As I mentioned in "Why is the Michelson-Morley experiment considered a null-result?", the 1887 Michelson-Morley experiment placed an upper bound on the fringe displacement of about 0.01 or 0.02. Why did the 1925 Michelson-Gale experiment find a fringe shift of about 0.230±0.005?

Here's the distribution of the results of the Michelson-Gale experiment:

Michelson-Gale distribution of results

The Michelson-Morley experiment was intended to measure the motion of the earth through the ether, and the Michelson-Gale experiment was intended to measure earth's rotation, but what exactly are the differences in the setup between these two experiments, that they produce different non-zero fringe shifts?

  • $\begingroup$ Well first off, the MGX measured a shift of 0.2, not 0.02. Moreover, the MMX measured 0 +/- 0.02, the MGX measured 0.2 +/- 0.016 Those are not similar result sets! Nor should they be, they were measuring different things. $\endgroup$ Commented Apr 4, 2018 at 18:33

1 Answer 1


First your very graph, and the paper you quote, show that the fringe shift in Michelson-Gale has a mean value of 0.23 with an average deviation from mean of 0.016. This is this accuracy which is of the same order of magnitude as the upper bound on the fringe shifts in Michelson-Morley. In passing, it shows how experimental technique had progressed: the same precision could be reached for an experiment with optical path miles long than for a tabletop experiment about 30 years before.

In the Michelson-Gale experiment, the light from the source is split with one ray going through a rectangular path in one direction and the other ray going through it in the opposite direction. The fringe shift between the two rays when they meet again is measured. This is very different from the Michelson-Morley experiments where each ray does a round trip from the source to a mirror back to the source.

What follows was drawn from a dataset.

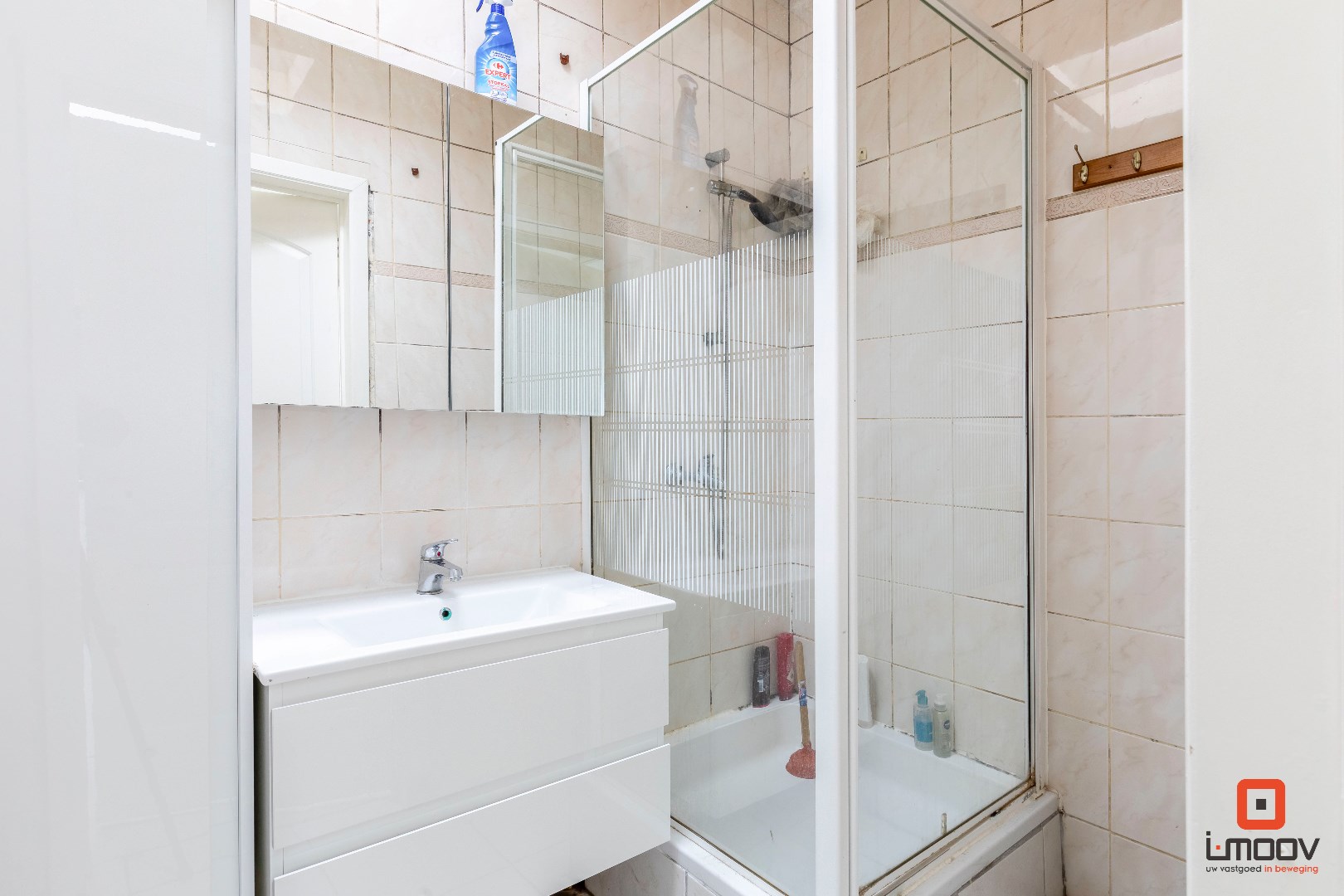 Ruime woning met 4 slaapkamers, koer en garage 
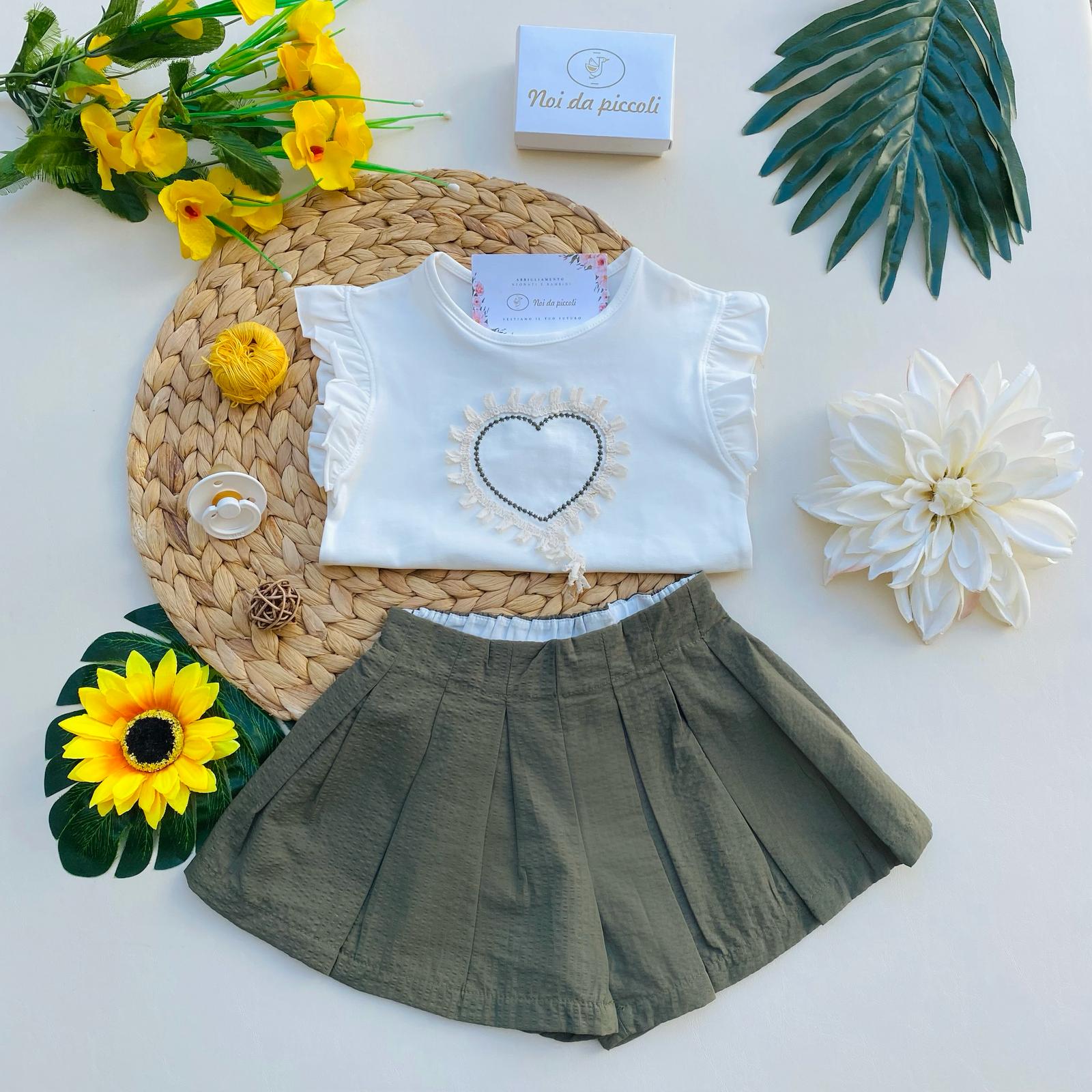 COMPLETO 2 PZ CON PANTALONCINO VERDE E MAGLIETTINA BIANCA CON CUORE CENTRALE - Noi da piccoli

As a result, the Michelson-Gale experiment probes a very different phenomenology. This is not a null result experiment, note, because Special Relativity (SR) predicts a non-zero fringe shift. Indeed the velocity of light is not isotropic in a rotating frame: the average speed of light for the ray going in one direction around the rectangular path is different from the average speed of light for the ray going in the opposite direction through the same path. The predicted fringe shift is

$$\Delta = \frac{4A}{\lambda c}\Omega\sin \theta,$$

where $\theta$ is the latitude, $\Omega$ the angular speed of the Earth, $\lambda$ the wavelength, and $A$ is the area of the rectangle. There are actually two rectangles in the Michelson-Gale experiment, a large one and a small one but this is just an experimental detail: the fringe shift for the smaller one is too small to be measured and the central interference fringe for that smaller rectangle is used as the reference point for the fringe shift for the bigger rectangle, for which the formula above holds.